I have always thought that calling putc multiple times is faster than puts or printf. To print "hello" for example, in a real program I would always use puts or printf, but now I'm writing a program that generates C code, so I was wondering whether to generate code as putchar('h'); putchar('e') ...
because I first thought it should be more faster. But I ran a test which gave a very interesting result. The compiler is GCC.
#include <stdio.h>
#include <time.h>
int main() {
time_t timer;
FILE *f;
int i;
f = fopen("out.txt", "w");
#define START_TIMER(TIMER) TIMER = clock()

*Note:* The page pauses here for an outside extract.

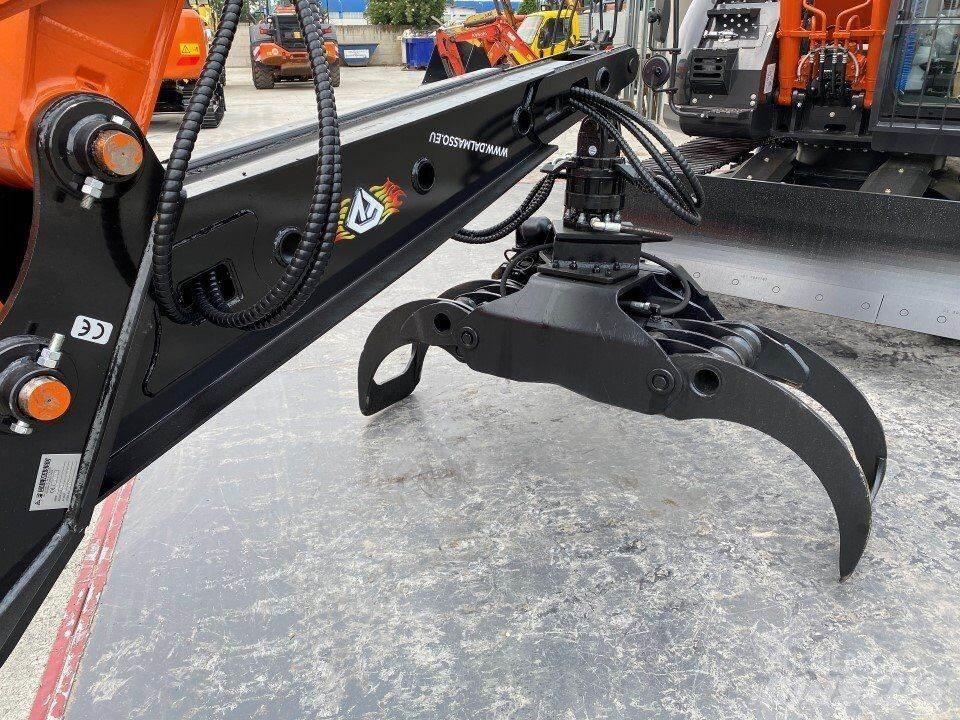 Hitachi ZX135US-6 Ekskavatörler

#define ELAPSED_TIME(TIMER)\
(double)(clock() - TIMER) / (double)CLOCKS_PER_SEC
enum { NUM_ITERS = 9999999 };
START_TIMER(timer);
for (i = 0; i < NUM_ITERS; i++) {
putc('h', f);
putc('e', f);
putc('l', f);
putc('l', f);
putc('o', f);
putc('\n', f);
}
printf("%.3f\n", ELAPSED_TIME(timer));
START_TIMER(timer);
for (i = 0; i < NUM_ITERS; i++) {
fputs("hello", f);
}
printf("%.3f\n", ELAPSED_TIME(timer));
START_TIMER(timer);
for (i = 0; i < NUM_ITERS; i++) {
fprintf(f, "hello\n");
}
printf("%.3f\n", ELAPSED_TIME(timer));
return 0;
}
result without optimization:
4.247 1.013 1.195
result with optimization (-O2):
0.910 1.184 1.315
result with optimization (-O3):
0.920 1.158 1.311
So calling putc multiple times is slower than puts of printf when executing naively without optimization. First, I'm curious why so. Second, which way should I follow for the program-generated C code?

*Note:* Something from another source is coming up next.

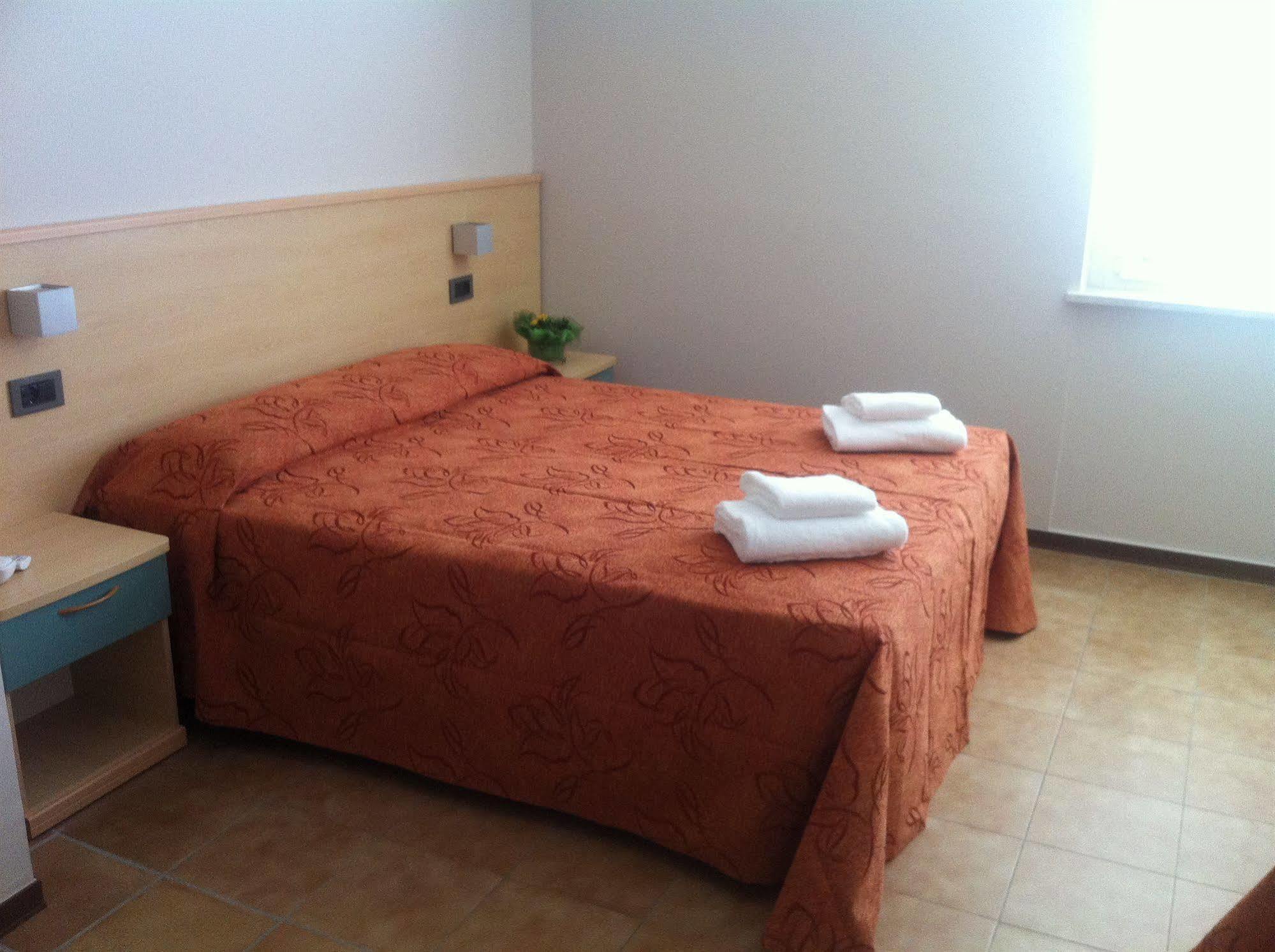 Hotel San Benedetto Peschiera del Garda Extérieur photo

Your intuition for what should be faster is wrong. Generally, putc
/putchar
is going to have a lot of overhead per byte written, since there's a whole cycle of function call, potential locking of the stdio stream (stdout
) being targetted, etc. per byte. On the other hand, functions like printf
or puts
have more overhead per call than putc
(e.g. printf
has to process the format string, and puts
has to call strlen
or equivalent), but that overhead only happens once, no matter how many bytes you're writing. The actual write can take place as a bulk copy to the FILE
's buffer, or a bulk write to the underlying file (if the FILE
is unbuffered).
As for how optimization levels affect this, -O0
probably has a lot more overhead around making the function call which gets optimized out at higher optimization levels.